As part of a large-scale effort to boost the participation of minorities in science and engineering fields, a group of educators, business leaders, and government officials has proposed the creation of a national center for minority education.
The group, which met in Atlanta this month, also called for a network of regional and state centers to develop programs for minorities.
All of the centers would be expected to provide “early experiences” in science and technology for black and Hispanic youths, the group’s chairman, Charles W. Merideth, said in an interview. In addition, he said, they would work with schools in developing curricula and training teachers, and serve as clearinghouses for program information.

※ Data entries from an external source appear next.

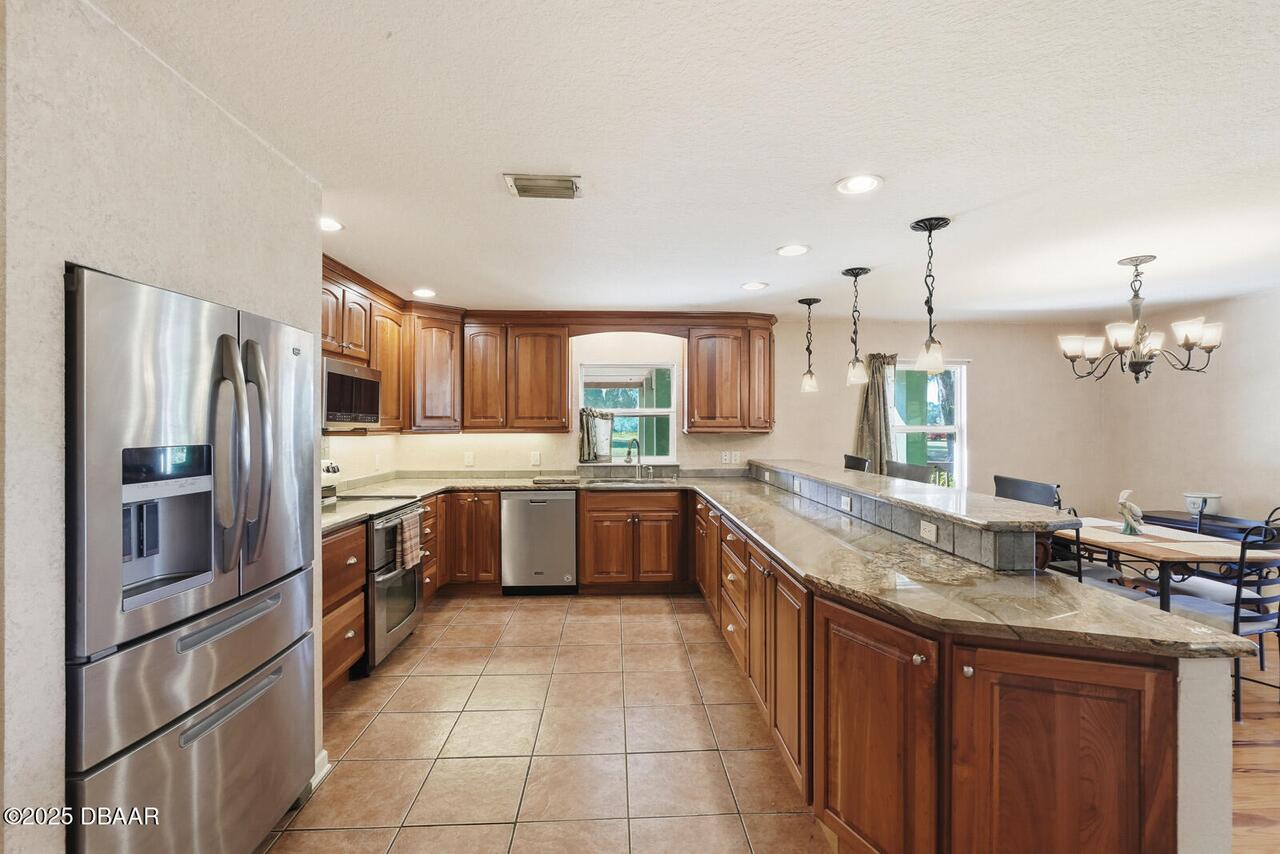 Listing Photo 16
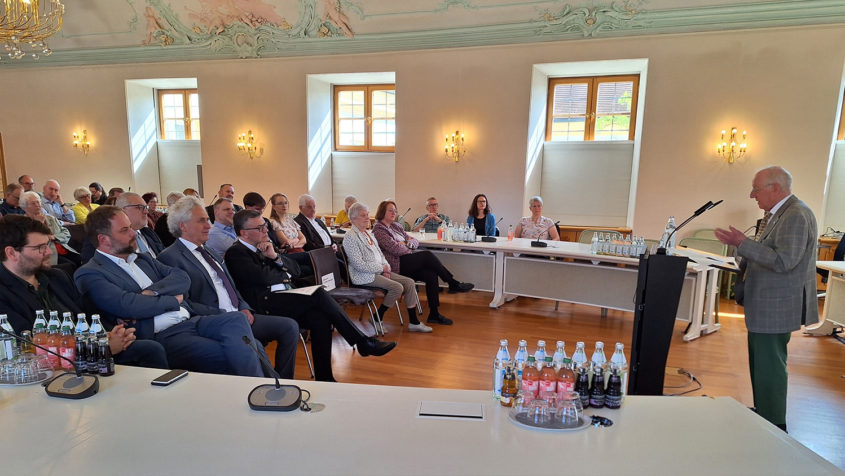 Die Jubiläumsveranstaltung „50 Jahre Mieterverein Freising“ findet im Barocksaal im Landratsamt Freising statt. © Mieterverein Freising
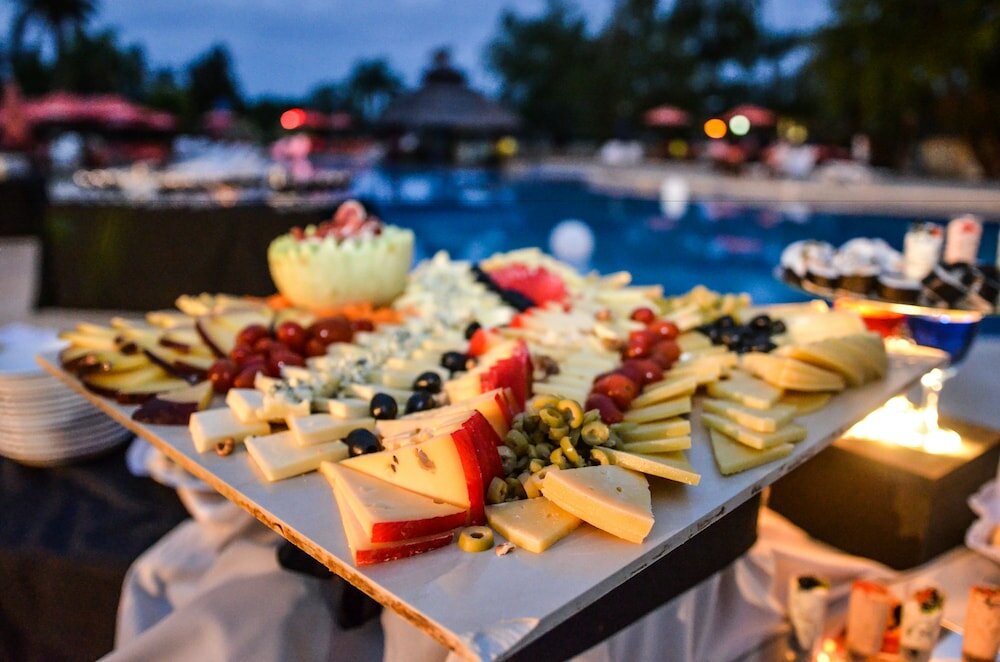 Фото Howard Johnson by Wyndham San Pedro Resort & Marina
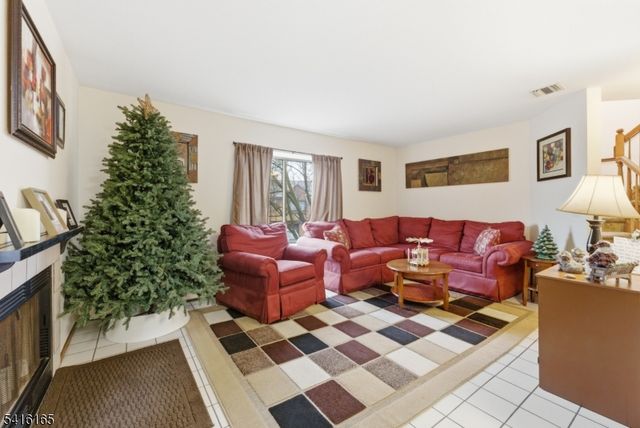 4 Faesch Ct, Rockaway Twp., NJ 07866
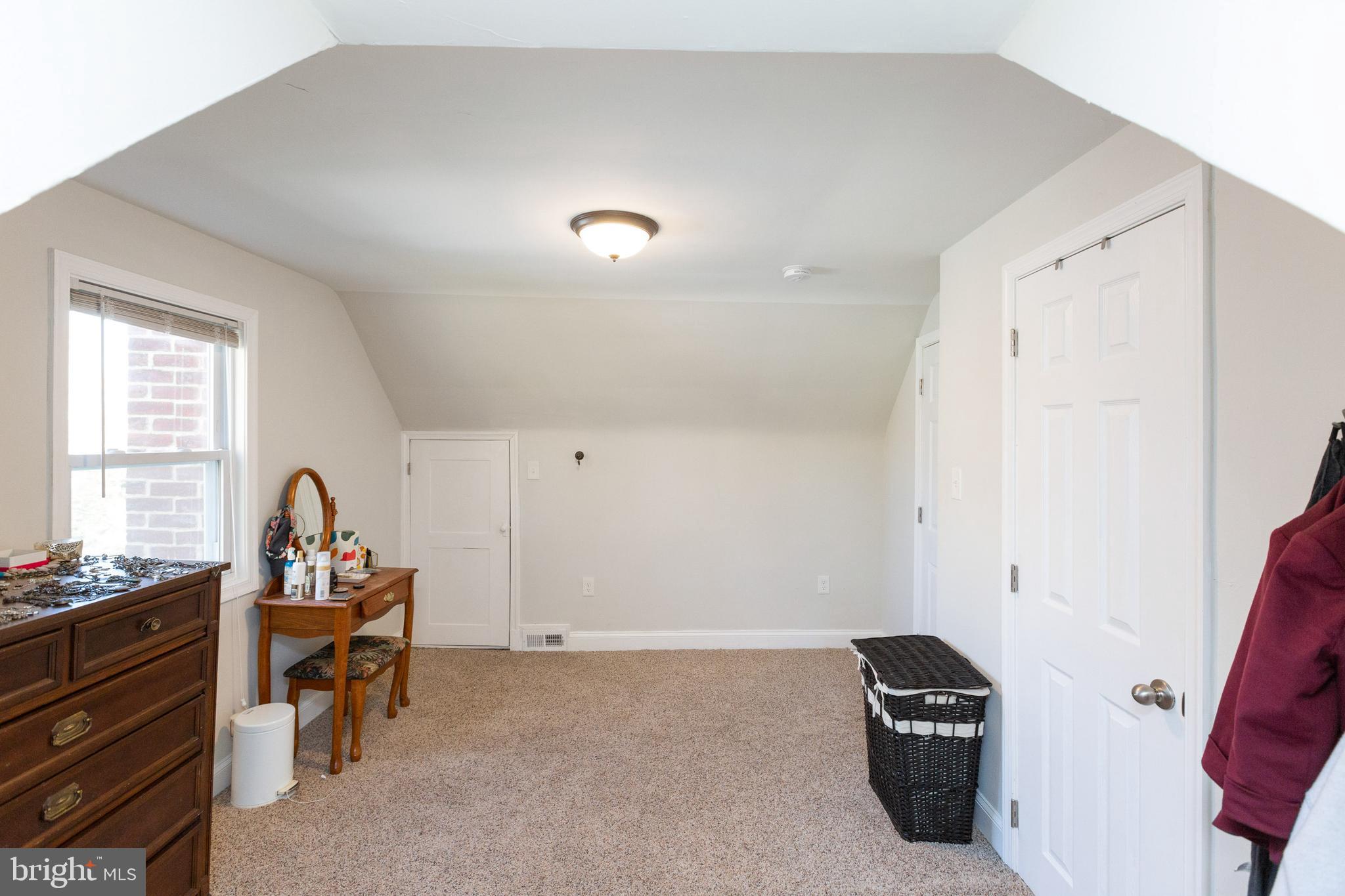 OAKLAND TERRACE - Residential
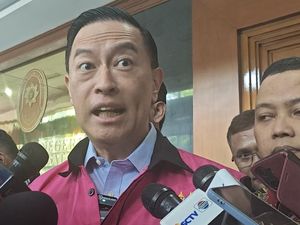 Tanda Tanya soal iPad dan MacBook di Sel Tom Lembong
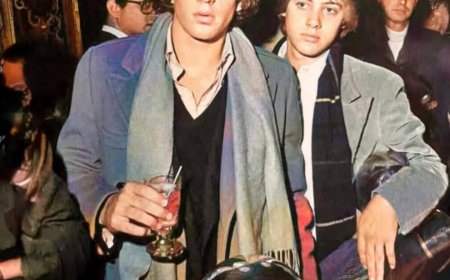 Erkennen Sie sie? Dieses seltene Foto aus dem Jahr 1977 zeigt die beiden zukünftigen Ikonen bei einer berühmten Filmpremiere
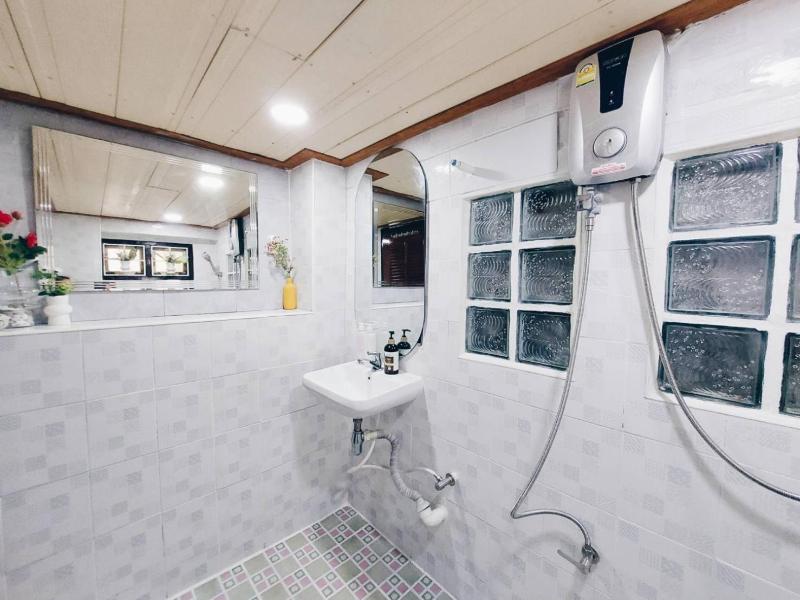 Green Riverside Homestay image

Increasing the number of minorities in scientific fields is a “matter of national defense,” said Mr. Merideth, chancellor of the Atlanta University Center Inc., a consortium of historically black colleges.
He cited statistics showing that blacks and Hispanics will constitute a third of the U.S. population by 2020. “If we don’t begin now to deal with providing education and training for this group,” he said, “the ability of the U.S. to compete internationally will be handicapped.”
Such efforts must begin in kindergarten or earlier, he emphasized, to “enlarge the pool” of students studying subjects that lay the foundation for scientific careers.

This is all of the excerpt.